- The task
In the listing below, find the line containing "カジュアルシャツ Button Down Field Shirt" and the line containing "Acerbis 21+ Fantic". Repeat exactly those two lines and every line between them, nothing more.

===== Data to use =====

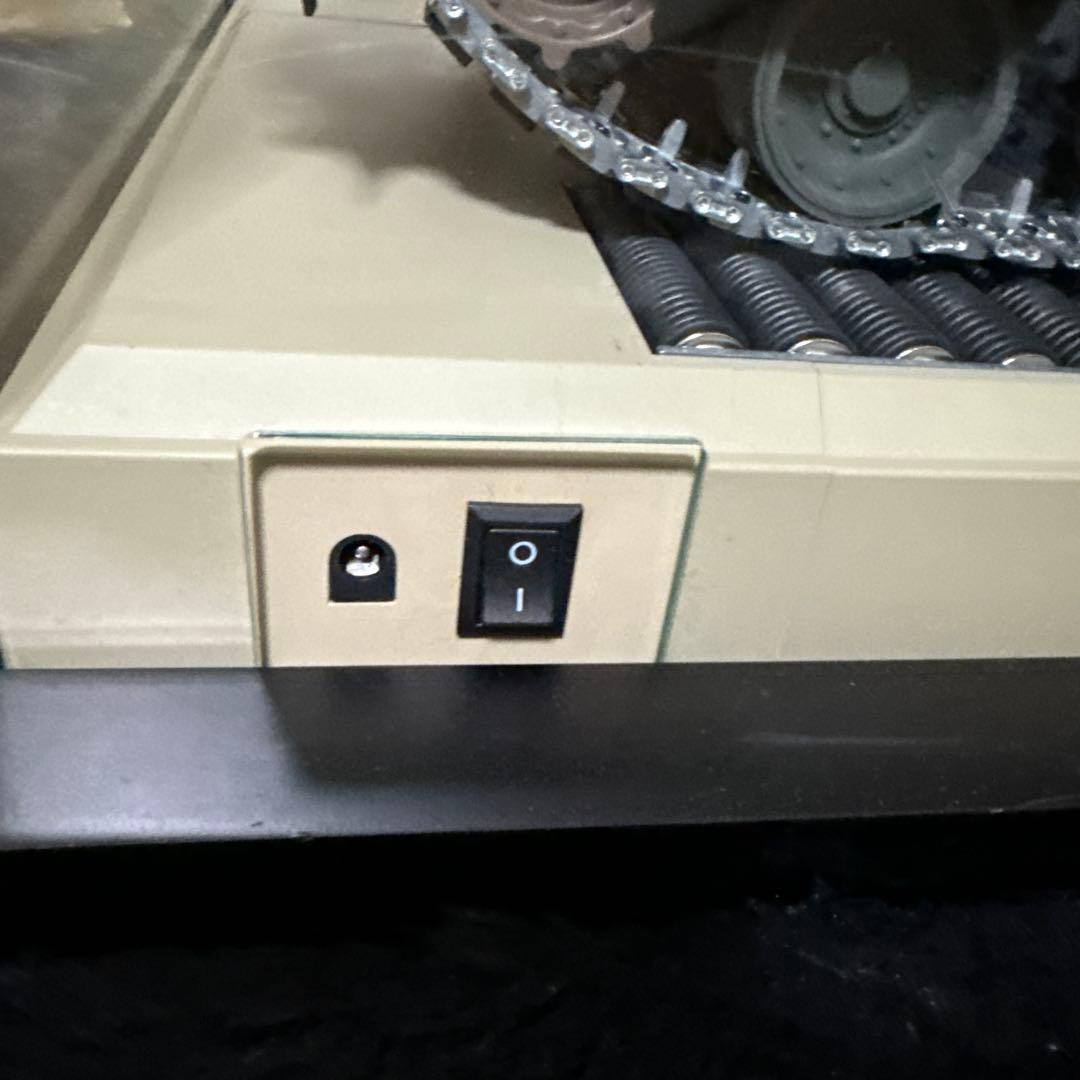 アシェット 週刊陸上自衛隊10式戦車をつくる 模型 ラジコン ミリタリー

=====
===== Data to use =====

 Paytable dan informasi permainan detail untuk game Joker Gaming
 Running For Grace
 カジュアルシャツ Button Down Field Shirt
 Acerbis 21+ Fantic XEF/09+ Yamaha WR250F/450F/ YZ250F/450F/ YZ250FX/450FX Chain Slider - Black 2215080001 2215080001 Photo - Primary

=====
===== Data to use =====

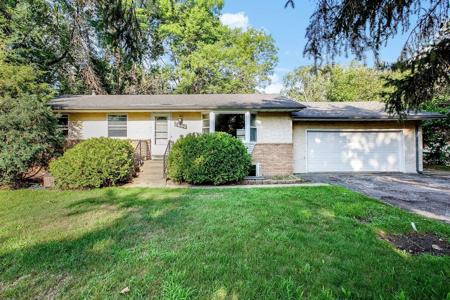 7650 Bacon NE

=====

- Solution for this problem
 カジュアルシャツ Button Down Field Shirt
 Acerbis 21+ Fantic XEF/09+ Yamaha WR250F/450F/ YZ250F/450F/ YZ250FX/450FX Chain Slider - Black 2215080001 2215080001 Photo - Primary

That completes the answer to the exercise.